TOKYO — Japan’s Cabinet approved Tuesday a reform bill to further strengthen countermeasures at its ports and airports against African swine fever from entering the country.
The measures against the deadly disease spreading across Asia include increased fines for illegally bringing meat products into the country and greater authority for inspectors to screen passengers’ luggage to prevent livestock infection.
The government hopes to enact the bill to revise the infectious disease control law for domestic animals by around April ahead of a surge of foreign tourists for this summer’s Tokyo Olympics, officials said.
The African swine fever affects pigs and wild boars, and there is no vaccine for the disease. It has a higher fatality rate than that of classical swine fever, which has spread in certain areas in Japan.
The new measures are a second step in the country’s fight against livestock diseases, following an earlier revision to the law to allow the culling of healthy swine livestock in areas where the African swine fever breaks out.

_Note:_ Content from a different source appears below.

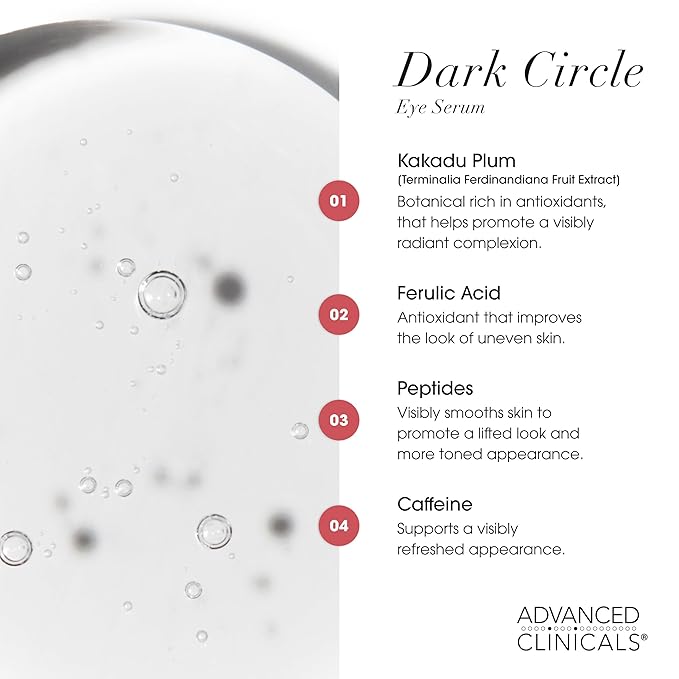 Advanced Clinicals Dark Circle Caffeine Under Eye Serum For Face With Hyaluronic Acid Moisturizer + Peptides | Brightening Vitamin C Serum Helps Improve Look Of Puffy Eye & Fine Lines, 1.75 Fl Oz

Under the bill, individuals importing meat products without undergoing necessary inspections will face imprisonment of up to three years and fine of up to 3 million yen ($27,000). The fine will be tripled from the current level.
Companies found violating the law will be fined up to 50 million yen, increased 50 times.
Port and airport inspectors will be allowed to forcibly unpack luggage and discard meat products if necessary, the officials said.